Robert Fender and Faculty Mentor: Merrill Christensen, Nutrition, Dietetics, Food Science
It is estimated that over 6 million Americans suffer from the neurodegenerative diseases of Alzheimer’s and Parkinson’s combined, with 1 in 4 Americans suffering from some type of mental illness (1). Oxidative damage and inflammation, which is a recognized hallmark of neurodegenerative diseases, can be prevented by antioxidant enzymes such as glutathione peroxidase whose key component is selenium and which relies on a selenium delivering protein called selenoprotein P (2). Since neurodegeneration that affects so many people can potentially be avoided by understanding how selenium is accumulated in and delivered to body tissue, understanding how and where selenium is accumulated in body tissue is of great importance.
The purpose of this project was to gather further data on a study conducted previously by Dr. Christensen and his team regarding the relationship between dietary soy and selenium status in mice on one of two basal diets. One group was fed a diet of soy meal, the other was not. Within the two groups, half were supplemented with selenium while the other half was not. Therefore, there were a total of four groups. One which received soy and supplemental selenium, one which received soy but not selenium, one which received no soy but received selenium, and one which received no soy or selenium. Their question was whether or not soy affected the metabolism of selenium in a way that led to more selenium being retained in liver tissue. Data was collected which showed that mice fed a diet containing soy retained more selenium in their livers than the mice which were fed a diet with no soy (3) (Figure 1.4). The object of this study was to see if the same trend is true for their brain tissue.
This experiment employed the fluorometric assay developed by Koh and Benson for analysis of selenium. This method had been used in the previous experiment mentioned to determine selenium concentration in the mice livers (4).
Before the digestion and subsequent analysis of our sample tissues, we established a standard curve using NIST 1577c bovine liver standard reference material.
As we began the tissue analysis with test samples, we realized that employing the flourometric method of analysis was not going to be practical due to the variability that could be introduced into the procedure. Upon a search into the current scholarly literature on trace element analysis, we decided to use microwave digestion together with inductively coupled plasma mass spectrometry to analyze our samples. We coordinated with Rachel Buck of the Environmental Analytical Laboratory at BYU together with Dr. Paul Farnsworth in the Chemistry department to develop a procedure whereby we could analyze a large quantity of samples free of the inconsistency found in the flourometric method.

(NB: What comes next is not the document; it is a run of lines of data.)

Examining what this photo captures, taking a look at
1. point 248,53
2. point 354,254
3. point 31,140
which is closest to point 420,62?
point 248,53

Initial data supports the new method of analysis in that we can detect selenium levels within .5 part per billion increments and with a percent error of 1-2%. This is significantly more reliable data than anything we were able to achieve with the flourometric method. As a result of our developing this new analyzation method, we have been able to begin analysis of the brain samples and collect initial data.

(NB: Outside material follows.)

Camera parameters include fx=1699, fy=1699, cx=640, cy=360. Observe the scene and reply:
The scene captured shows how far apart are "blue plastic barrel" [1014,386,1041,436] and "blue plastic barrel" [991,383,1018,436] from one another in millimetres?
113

Although far from conclusive, our initial data from brain samples suggests that selenium is found at a much higher concentration in the brain tissue than in the liver. If this continues to be the trend, we may be able to make progress in our understanding the relationship between selenium status, diet, and neurodegenerative disease.
The major headway made in this study was that we were able to come up with a form of trace element analysis that is both efficient and extremely accurate. As a result, we have been able to begin analysis of the stored brain tissues with confidence that we are using the most current technology to get the most accurate and precise results possible. Recognition and thanks to the BYU ORCA program and it’s donors.

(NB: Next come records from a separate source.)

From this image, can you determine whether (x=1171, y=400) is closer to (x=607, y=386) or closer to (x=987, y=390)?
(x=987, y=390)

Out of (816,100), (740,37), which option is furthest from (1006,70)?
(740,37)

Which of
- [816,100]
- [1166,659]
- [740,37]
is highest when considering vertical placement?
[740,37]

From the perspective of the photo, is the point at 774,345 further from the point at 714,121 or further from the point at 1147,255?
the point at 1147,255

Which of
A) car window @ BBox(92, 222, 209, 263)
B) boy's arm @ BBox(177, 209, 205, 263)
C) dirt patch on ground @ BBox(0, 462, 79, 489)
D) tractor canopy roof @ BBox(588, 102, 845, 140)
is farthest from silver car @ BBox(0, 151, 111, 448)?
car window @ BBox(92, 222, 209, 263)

1. By the Numbers | McGovern Institute for Brain Research at MIT. (2014, January 16). McGovern Institute for Brain Research at MIT. Retrieved October 27, 2016.
2. Valentine, William M. et al. “Neurodegeneration In Mice Resulting From Loss Of Functional Selenoprotein P Or Its Receptor Apolipoprotein E Receptor 2”. J Neuropathol Exp Neurol 67.1 (2008): 68-77. Web.
3. Nakken, H. L., Lephart, E. D., Hopkins, T. J., Shaw, B., Urie, P. M. and Christensen, M. J. (2016), Prenatal exposure to soy and selenium reduces prostate cancer risk factors in TRAMP mice more than exposure beginning at six weeks. Prostate, 76: 588–596. doi:10.1002/pros.23150
4. Christensen MJ, Bown JW, Lei LI. The effect of income on selenium intake and status in Utah County, Utah. J Am Coll Nutr 1988;7:155–167.